The remaining question that the district court addressed concerns the identification of the "permittees and licensees" of the United States entitled to use the surface resources.The district court held that the "permittees and licensees" are only those who have specific written permits or licenses from any state or federal agency allowing those persons to engage in any form of recreation on public land. The court mentions hunting, fishing or camping permits as illustrative of the required permits. It is at this point that we disagree with the district court.
Historically the United States has managed the lands within the public domain as fee owner and trustee for the people of the United States. Light v. United States, 220 U.S. 523, 527, 31 S. Ct. 485, 55 L.Ed. 570 (1911); Camfield v. United States, 167 U.S. 518, 524, 17 S. Ct. 864, 42 L.Ed. 260 (1897). Also, in the [10 ELR 20194] management of public lands, the United States has historically allowed the general public to use the public domain for recreation and other purposes, and often without a specific, formal permit. Such access has been described as an implied license.
Originally, grazing of livestock was such a use that was allowed without a formal permit.6 In Buford v. Houtz, 133 U.S. 320, 10 S. Ct. 305, 33 L.Ed. 618 (1890), the Supreme Court found an implied license to graze livestock on the public lands and acquiescence in the practice by the government as proprietor of the public lands:
We are of opinion that there is an implied license, growing out of the custom of nearly a hundred years, that the public lands of the United States . . . shall be free to the people who seek to use them where they are left open and unenclosed, and no act of government forbids this use. . . The government of the United States, in all its branches, has known of this use, has never forbidden it, nor taken any steps to arrest it.
Id. at 326, 10 S. Ct. at 307.
This principle of an implied license of the public to use lands within the public domain freely without a formal license was again reaffirmed by the court in Light v. United States:
At common law the owner was required to confine his livestock, or else was held liable for any damage done by them upon the land of third persons. That law was not adapted to the situation of those states where there were great plains and vast tracts of unenclosed land, suitable for pasture. And so, without passing a statute, or taking any affirmative action on the subject, the United States suffered its public domain to be used for such purposes. There thus grew up a sort of implied license that these lands, thus left open, might be used so long as the Government did not cancel its tacit consent.
220 U.S. at 535, 31 S. Ct. at 487.
In McKee v. Gratz, 260 U.S. 127, 43 S. Ct. 16, 67 L.Ed. 167 (1922), the Court applied this concept of an implied license to include a license to use large tracts of uncultivated lands for recreational uses. Mr. Justice Holmes in the opinion of the Court stated:
The strict rule of the English common law as to entry upon a close must be taken to be mitigated by common understanding with regard to the large expanses of unenclosed and uncultivated land in many parts at least of this country: Over these it is customary to wander, shoot and fish at will until the owner sees fit to prohibit it.
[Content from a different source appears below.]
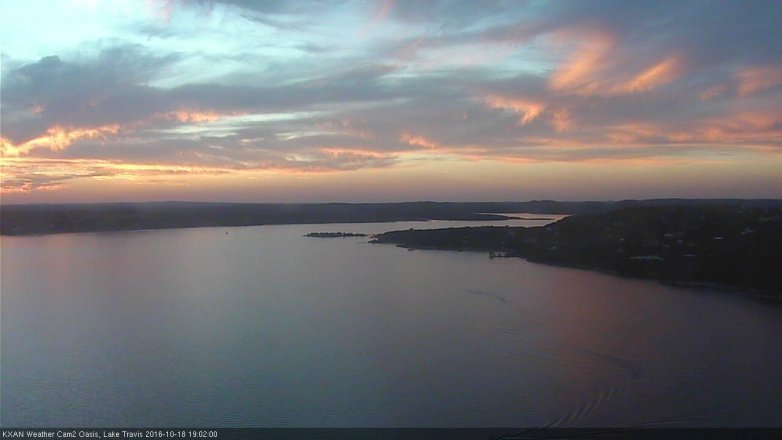 Lake Travis webcam, October 18, 2016 6:20 PM CT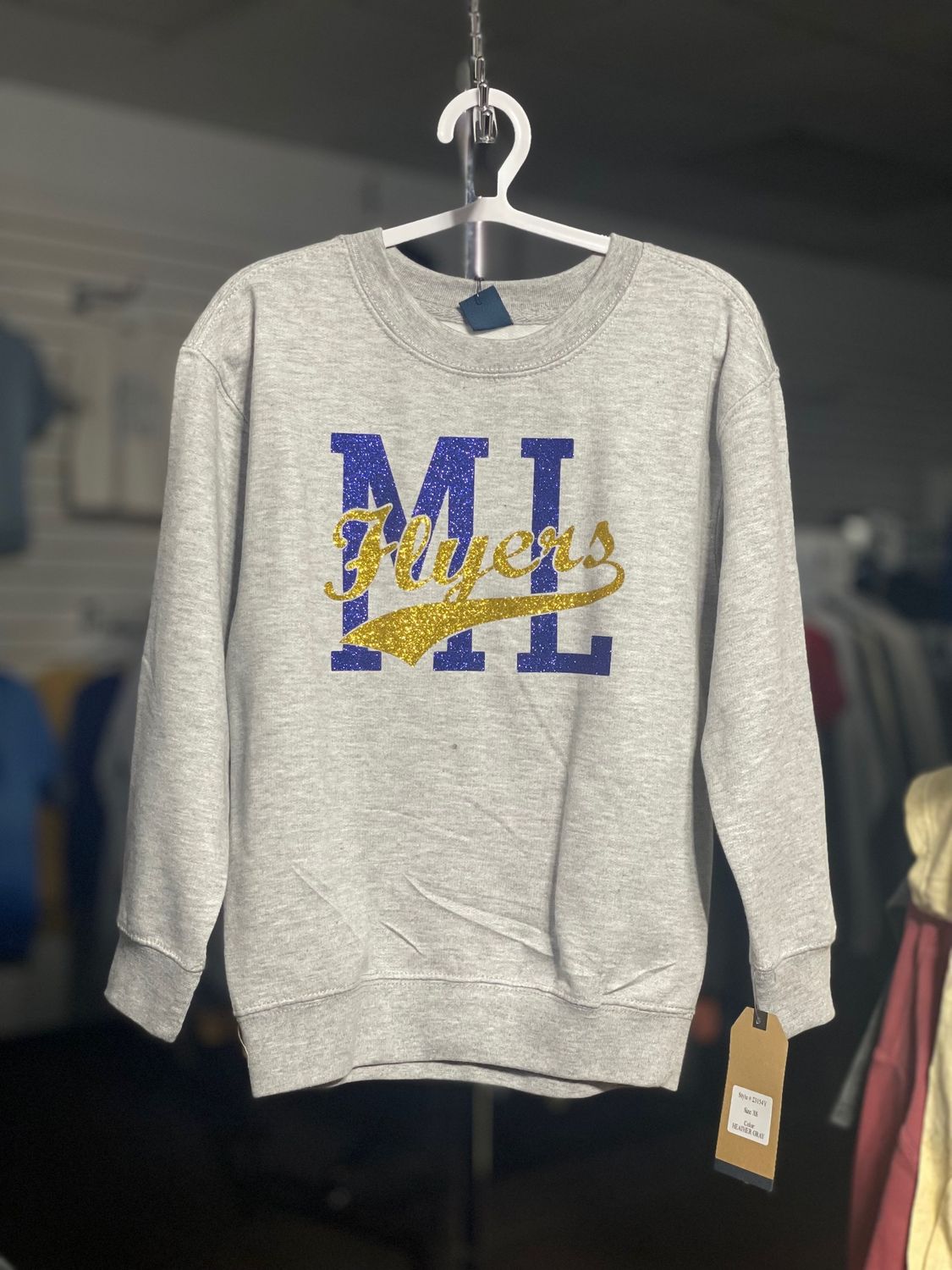  MV Sport Youth Buddy Crewneck Sweatshirt - 23154Y - Heather Grey - ML Glitter ML Tail, Size: YOUTH XS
A license may be implied from the habits of the country.
Id. at 136, 43 S. Ct. at 17.
The historical principle that no formal permission, permit, or license is required for use of public lands for general recreational use or access to adjoining lands was formalized by the Forest Service with regard to National Forests in 1942 when it enacted a regulation which states in pertinent part:
The temporary use or occupancy of national forest lands by individuals for camping, picnicking, hiking, fishing, hunting, riding, boating, parking of vehicles and similar purposes may be allowed without a special use permit; provided . . . that permits may be required for such uses when in the judgment of the Chief of the Forest Service the public interest or the protection of such lands requires the issuance of permits.
36 CFR § 251.1(a)(2) (1979).
A similar policy of holding public lands open for recreational use has been followed by the Bureau of Land Management in its administration of the 457 million acres of public lands not set aside for national forests, parks or other special uses. Bureau of Land Management, U.S. Department of the Interior, Camping on the Public Lands; see also Forest Service, U.S. Dept. of Agriculture Information Bulletin No. 301, Outdoor Recreation In the National Forests 11 (1965).
These regulations confirm a traditional policy for the use of public lands allowing the public to use lands within the public domain for general recreational purposes without holding a written, formal permit, except as to activities which have been specifically regulated.
The Multiple Use Act was designed to open up the public domain to greater, more varied uses. To require that anyone desiring to use claimed lands for recreation must obtain a formal, written license would greatly restrict and inhibit the use of a major portion of the public domain.7 It is doubtful that Congress would intend that such use be dependent upon a formal permit, because the federal agencies do not generally issue or require permits for recreational use of public lands. To require a formal written permit would either put the public in a position of having to obtain permits but having no place from which to obtain them, or it would require the government to institute procedures to issue permits, a process which the government argues is burdensome and unnecessary.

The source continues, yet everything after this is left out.